→ **YOUR TASK**: Here the job is to print all of the entries below verbatim and leave out any picture.

→ **MATERIAL PROVIDED**:
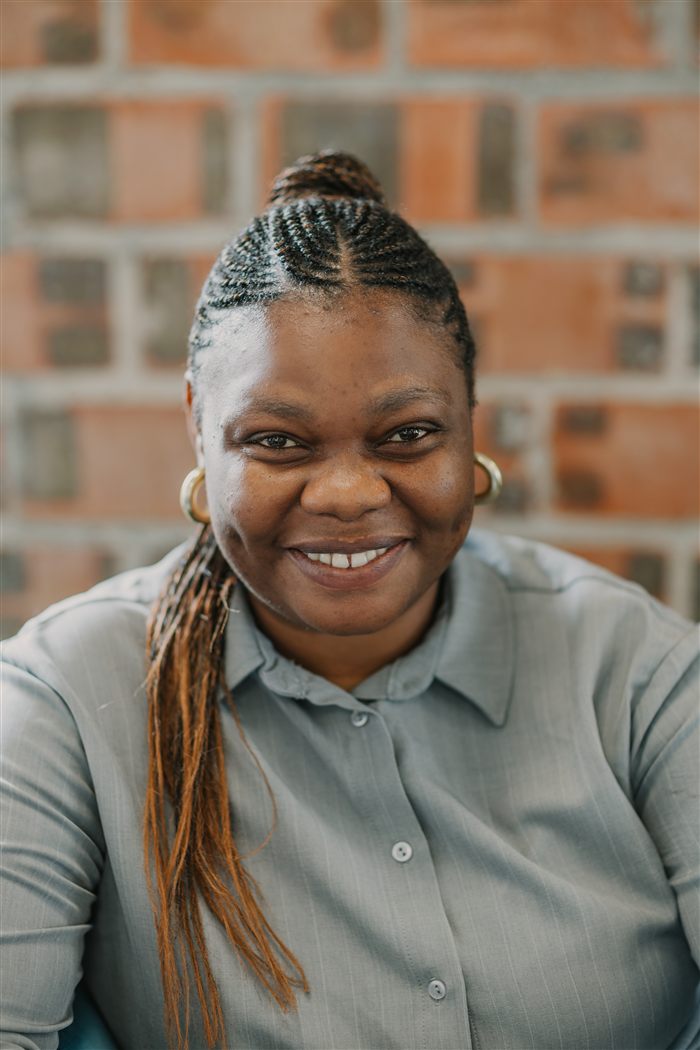 Naho Tshikalange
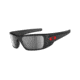Oakley Ducati Fuel Cell Sunglasses - Matte Black Frame w/ Grey Polar Lenses OO9096-44
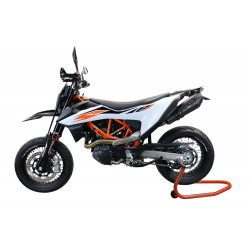 Echappement GPR GPE Anniversary Evo4 - KTM 690 Enduro R 2021 /+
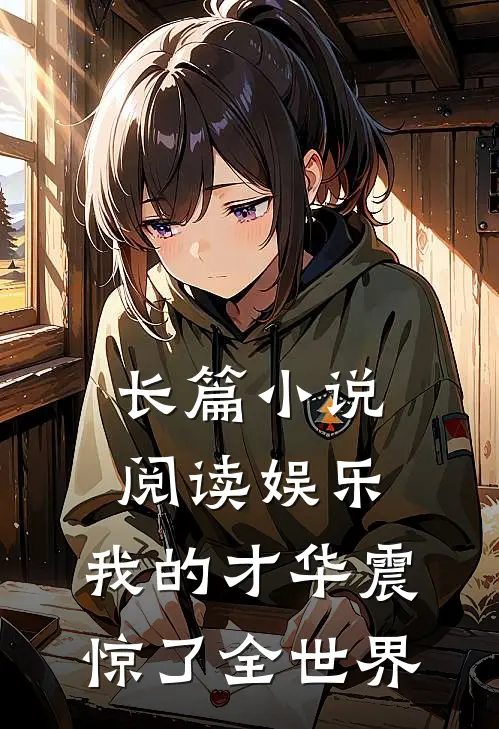 长篇小说阅读娱乐：我的才华震惊了全世界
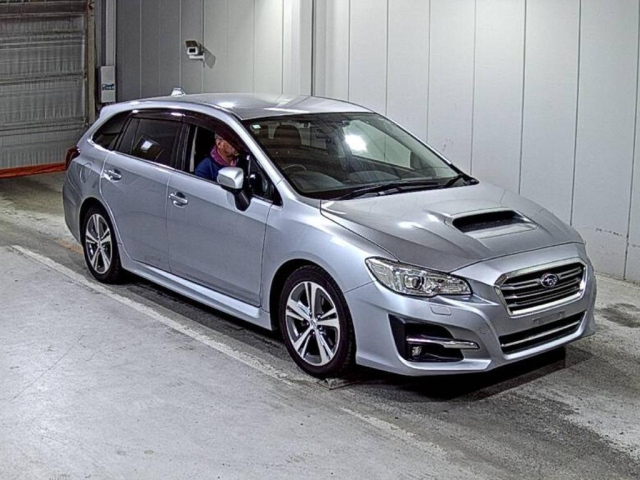 SUBARU LEVORG 2019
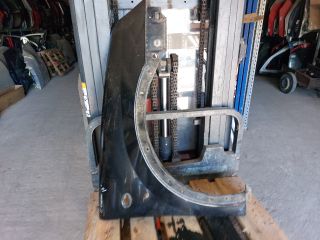 bontott OPEL CORSA C Jobb első Sárvédő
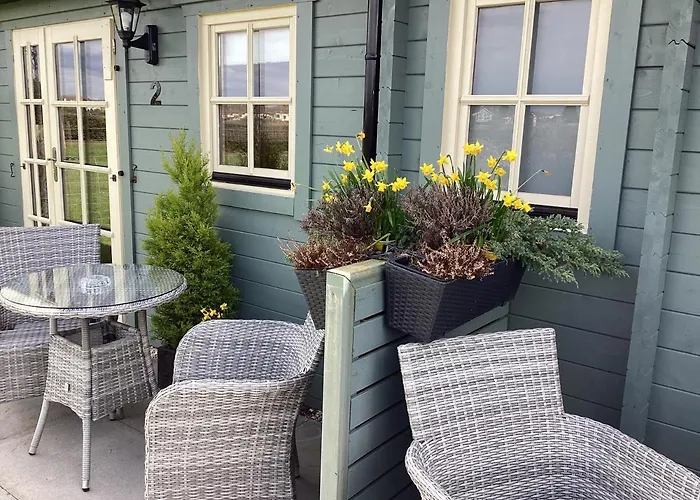 山林小屋 Auchenlea *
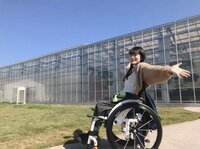 車椅子生活中の猪狩ともか、誕生日を迎え喜びをつづる「思いっきり人生をenjoyしようと思います！！」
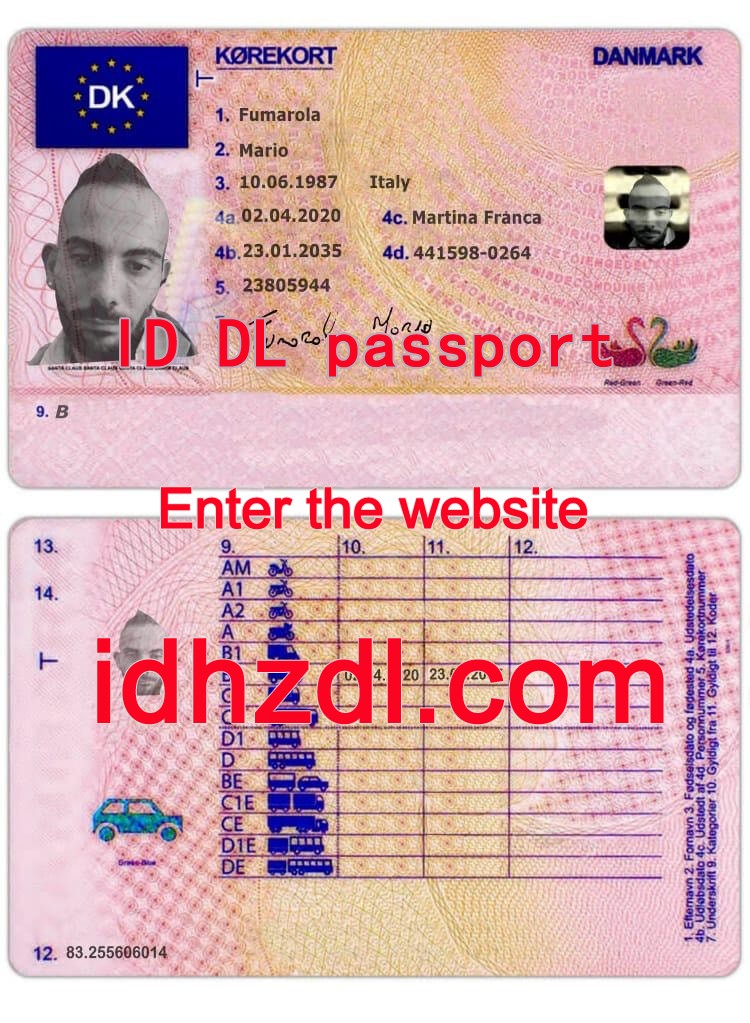How-to-get-a-Danish-drivers-license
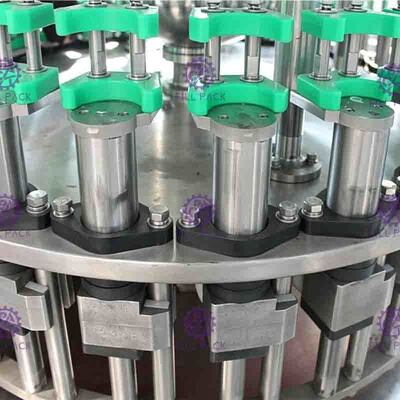 PET Botol Mesin Juice Filling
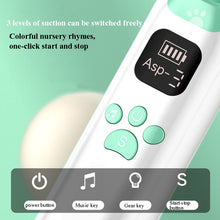 Load image into Gallery viewer, Infant Electric Nasal Aspirator With 3-gear Adjustable Nasal Clearer, Electric Nasal Aspirator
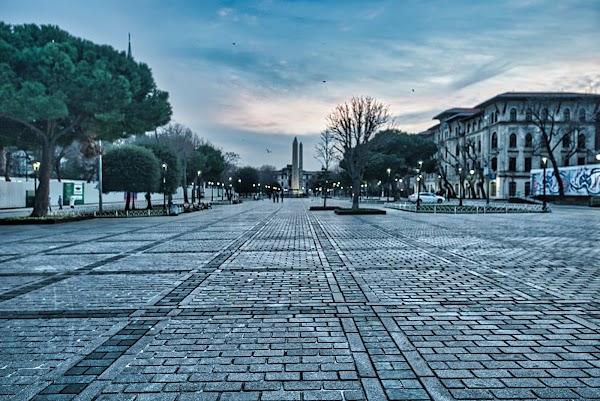 Sultanahmet Square 4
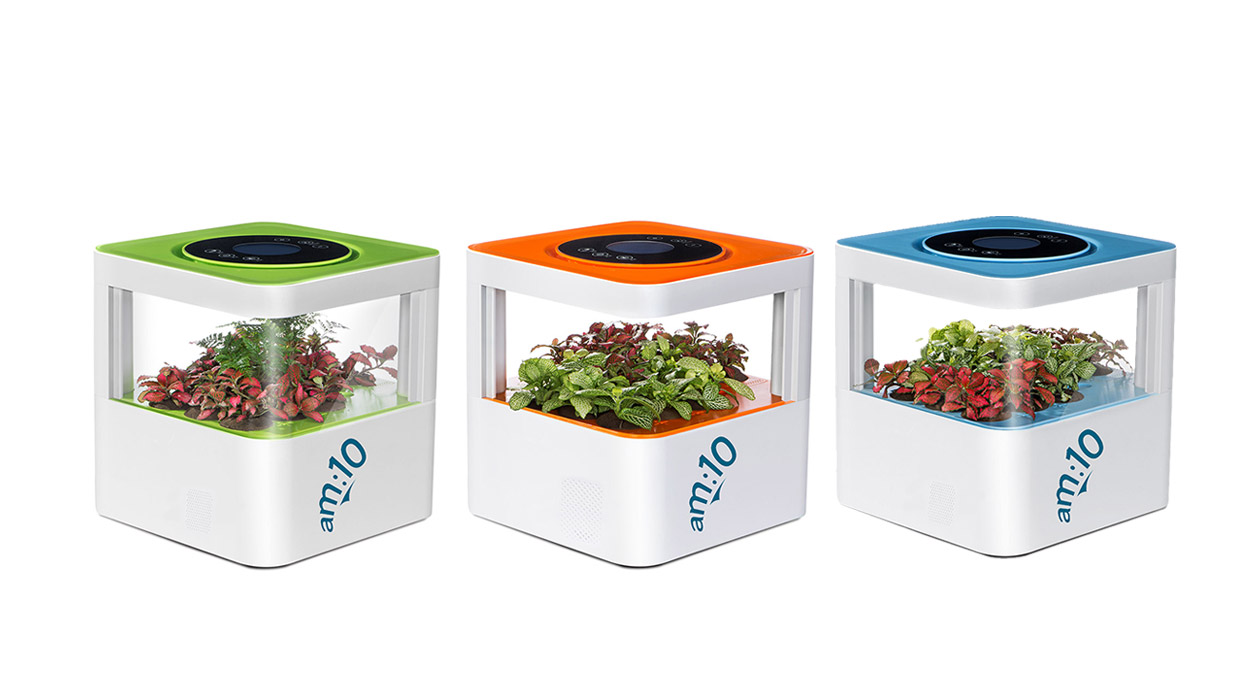 360°無死角凈化，小機身也有大能量！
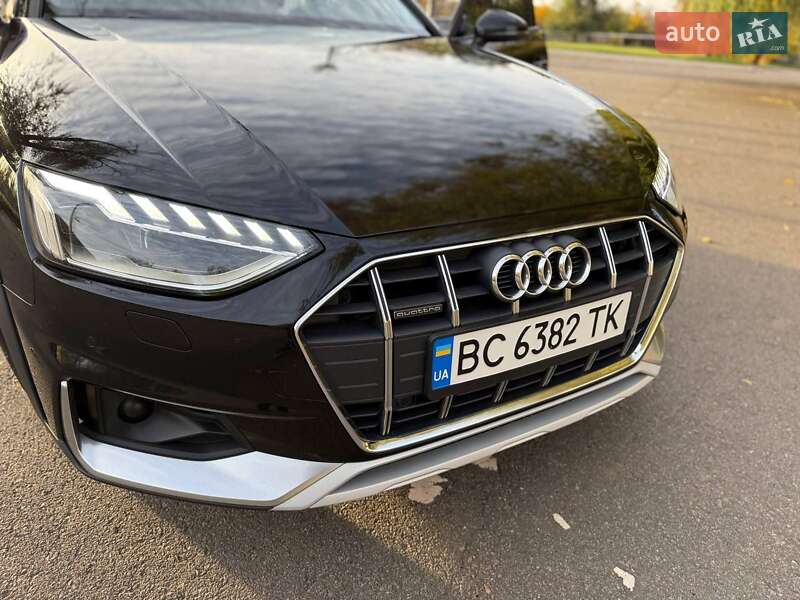 Универсал Audi A4 Allroad 2019 в Полтаве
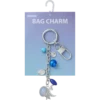 Moon and Stars Bag Charm Moon and Stars Bag Charm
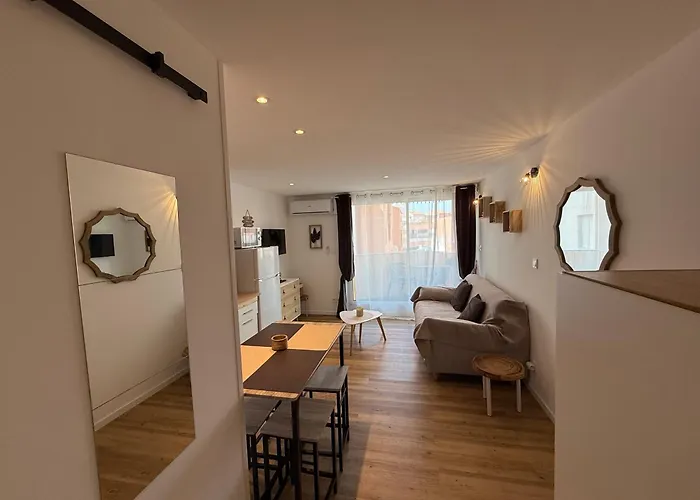 Cap Sur Le Port Appartamento Agde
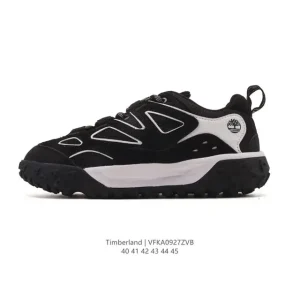 Timberland Men's Chunky Sole Running Shoes for Outdoor Casual Wear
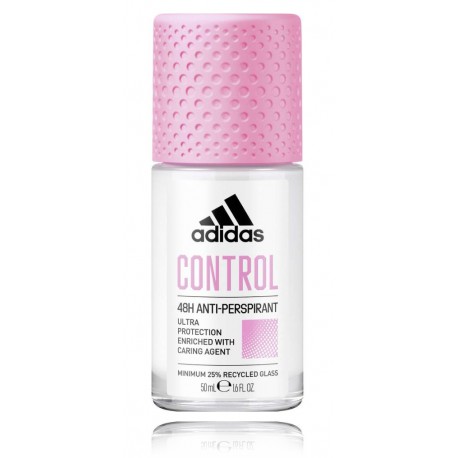 Adidas Control rullīša antiperspirants sievietēm 50 ml.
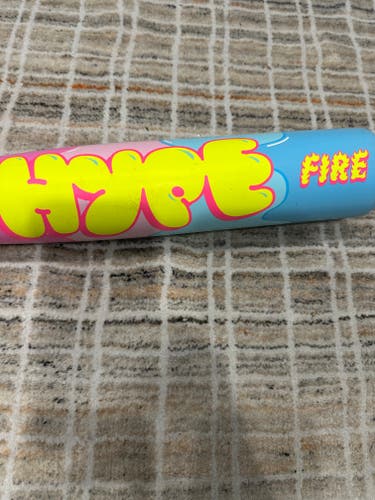 2025 Easton Hype Fire Composite USSSA Certified Bat (-10) 20 oz 30" (Barely Used) POOL PARTY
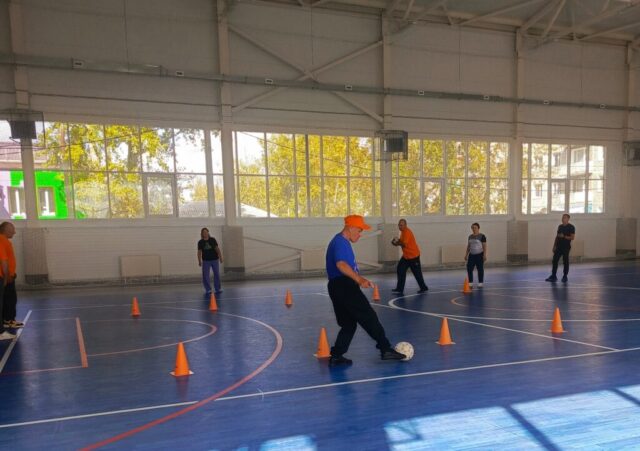 весёлые старты 2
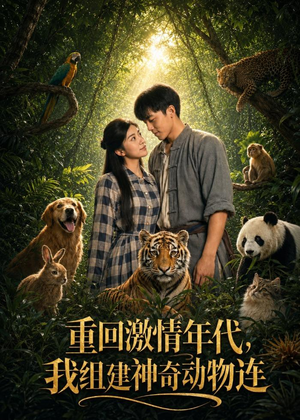 重回激情年代，我组建神奇动物连（79集）正能量短剧分享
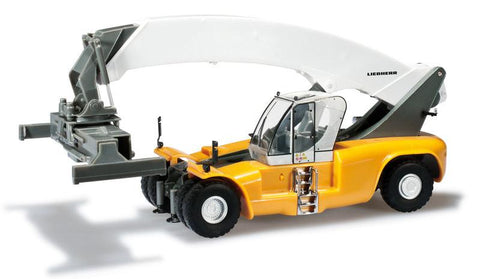 Liebherr Reachstacker LRS 645 Workshop Service Repair Manual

→ **EXERCISE RESULT**:
 Naho Tshikalange
Oakley Ducati Fuel Cell Sunglasses - Matte Black Frame w/ Grey Polar Lenses OO9096-44
 Echappement GPR GPE Anniversary Evo4 - KTM 690 Enduro R 2021 /+
 长篇小说阅读娱乐：我的才华震惊了全世界
 SUBARU LEVORG 2019
 bontott OPEL CORSA C Jobb első Sárvédő
 山林小屋 Auchenlea *
 車椅子生活中の猪狩ともか、誕生日を迎え喜びをつづる「思いっきり人生をenjoyしようと思います！！」
How-to-get-a-Danish-drivers-license
 PET Botol Mesin Juice Filling
 Load image into Gallery viewer, Infant Electric Nasal Aspirator With 3-gear Adjustable Nasal Clearer, Electric Nasal Aspirator
 Sultanahmet Square 4
 360°無死角凈化，小機身也有大能量！
 Универсал Audi A4 Allroad 2019 в Полтаве
 Moon and Stars Bag Charm Moon and Stars Bag Charm
 Cap Sur Le Port Appartamento Agde
 Timberland Men's Chunky Sole Running Shoes for Outdoor Casual Wear
 Adidas Control rullīša antiperspirants sievietēm 50 ml.
 2025 Easton Hype Fire Composite USSSA Certified Bat (-10) 20 oz 30" (Barely Used) POOL PARTY
 весёлые старты 2
 重回激情年代，我组建神奇动物连（79集）正能量短剧分享
 Liebherr Reachstacker LRS 645 Workshop Service Repair Manual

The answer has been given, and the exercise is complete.